/ 31 October 2011

Wanted: A new student politics

At a time when the country’s political discourse seems reduced mostly to banality or ­violence through words, I want to consider how life under democratic regimes might require a different approach to student politics than the one demanded by politics under dictatorships.

I was born in Argentina and studied for my first degree in history at the University of Buenos Aires. The public higher education system in Argentina is free. Students do not pay fees and, despite the dependence of universities on the state for subsidies, they are autonomous. The state cannot interfere in a university’s academic or governance practices.

But that was not so between 1976 and 1983 when a military dictatorship ruled Argentina. For most of the five years of my ­undergraduate degree the country was under a military government.

This entailed military intervention in the governance of the university, a constant police presence and the banning of all political activity.

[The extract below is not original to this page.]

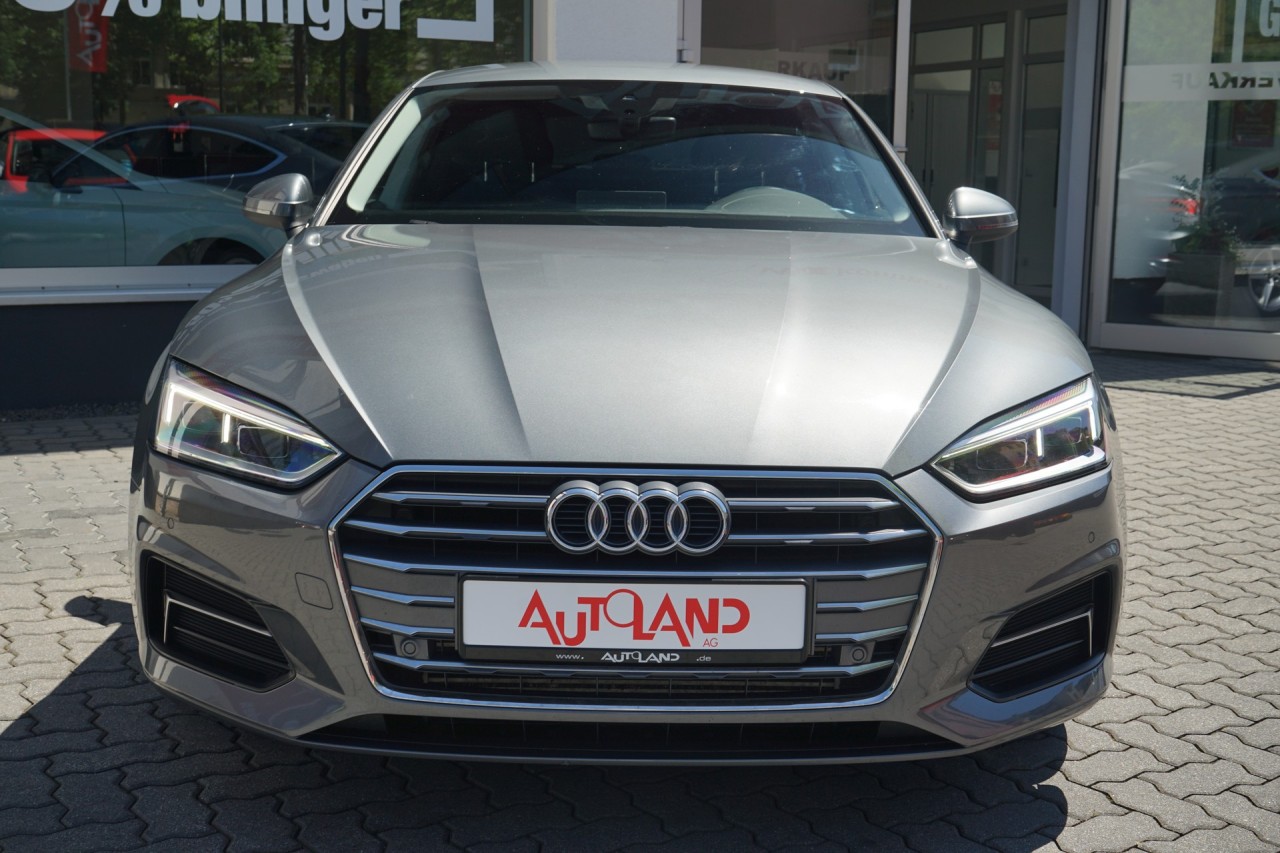Audi A5 Sportback 2.0 TFSI sport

Progressive academics resigned, were imprisoned and accused of terrorism, or fled into exile.

“Knowledge is power”
Under totalitarian regimes, whether of the right or the left, the meaning of the ­statement ‘knowledge is power” becomes almost transparent. The military dictatorship in Argentina created a skewed version of truth by banning books, movies, plays and songs it did not like.

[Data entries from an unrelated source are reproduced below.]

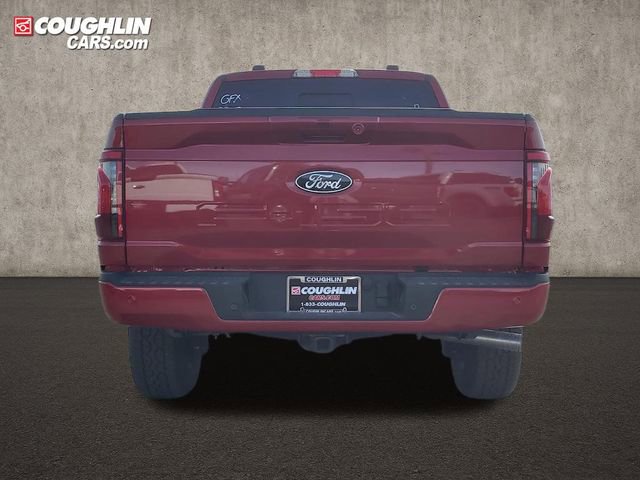 New 2025 Ford F150 XLT w/ Equipment Group 302A MID image 6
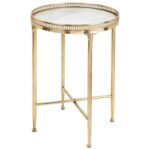 imax worldwide home accent tables and cabinets jocelyn occasional products color vanora table cabinetsjocelyn small metal drum style end light for coffee with storage baskets 150x150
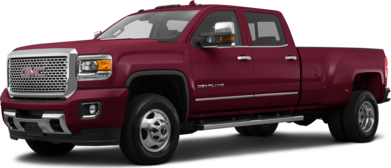GMC Sierra 2500 HD Crew Cab Denali Pickup 4D 6 1/2 ft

The public university was a particularly important target because it was seen as the cradle of the left and nonconformism.The syllabuses of most of our courses were the manifestation of the power of the state in disguise, deciding what we could think, what deserved to be studied and what not.

Under those circumstances, what kind of ­student activism was possible? The greatest political resistance during that period was intellectual defiance. We wanted the knowledge that was banned. We wanted the tools to critique the rubbish we were being fed in the name of God, the Fatherland and Western civilisation.

We wanted the tools to uncover mediocrity and intellectual cowardice and their political consequences — to distinguish between active justification of the dictatorship and
complicit silence.

At the age of 18 or 19, my best teachers and mentors were senior students who had had the chance of other teachers and other books. We organised underground study groups. The state of emergency prevented gatherings of more than two people. So at the weekends we travelled outside the city to a place where we could read and discuss texts.

Clandestine reading made us aware of old and new debates in history and the social sciences, and we realised what we could be taught. But we also talked politics, tactics and the future and what it would take to overturn the military. And when the situation was ripe we participated in all forms of mobilisation.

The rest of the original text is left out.